§ **Problem details**
With the pictures removed, write out the full listing below exactly.

§ **Dataset extract**
════════

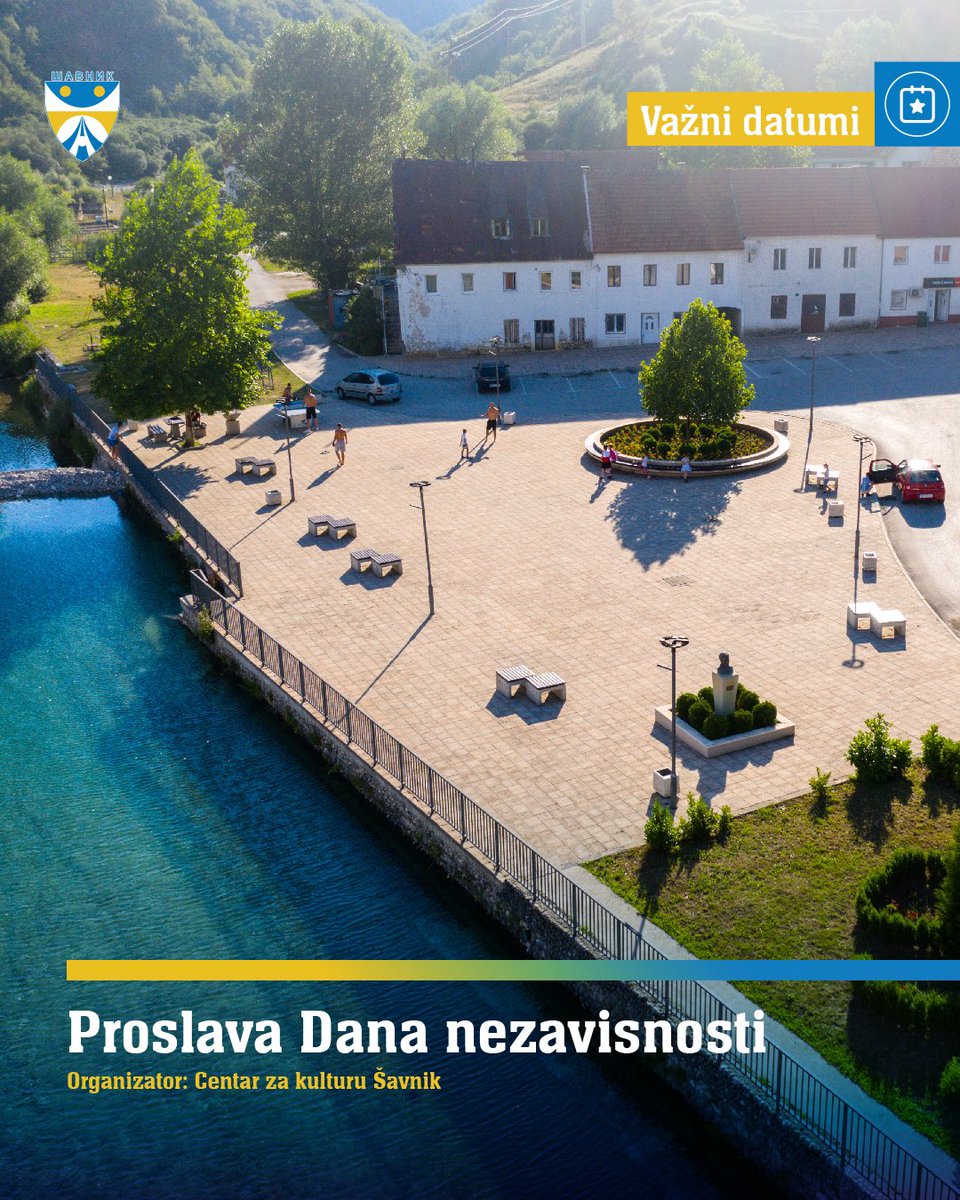 📢 Pod sloganom „Srce Crne Gore kuca u Šavniku“, 19. maja u kući Pekića biće obilježen Dan nezavisnosti Crne Gore, u organizaciji šavničkog Centra za kulturu. 🇲🇪

🔗  portalanalitika.me/clanak/srce-cr…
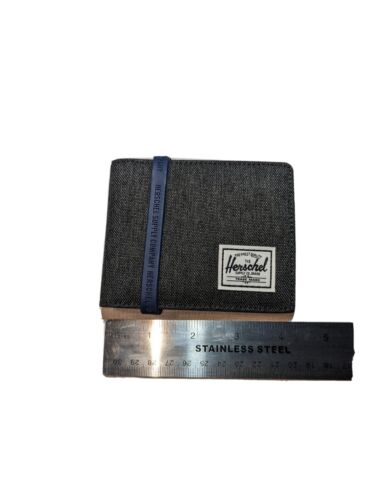 NEW HERSCHEL WALLET ROY WALLET BLACK, MEN - Picture 2 of 6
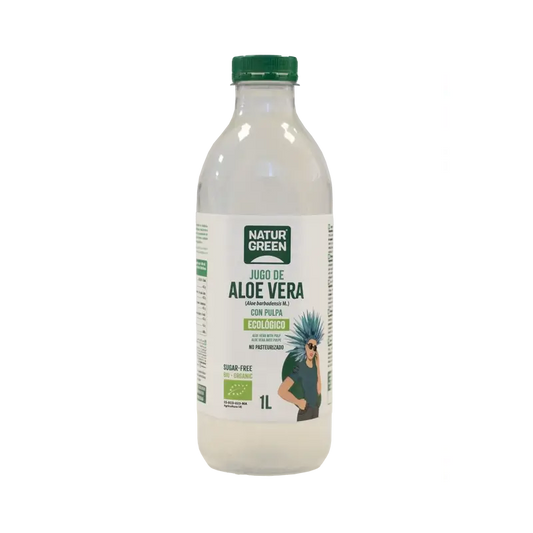 Naturgreen Aloe Vera Juice With Pulp, 1 l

════════

§ **Exercise result**
 📢 Pod sloganom „Srce Crne Gore kuca u Šavniku“, 19. maja u kući Pekića biće obilježen Dan nezavisnosti Crne Gore, u organizaciji šavničkog Centra za kulturu. 🇲🇪

🔗  portalanalitika.me/clanak/srce-cr…
 NEW HERSCHEL WALLET ROY WALLET BLACK, MEN - Picture 2 of 6
 Naturgreen Aloe Vera Juice With Pulp, 1 l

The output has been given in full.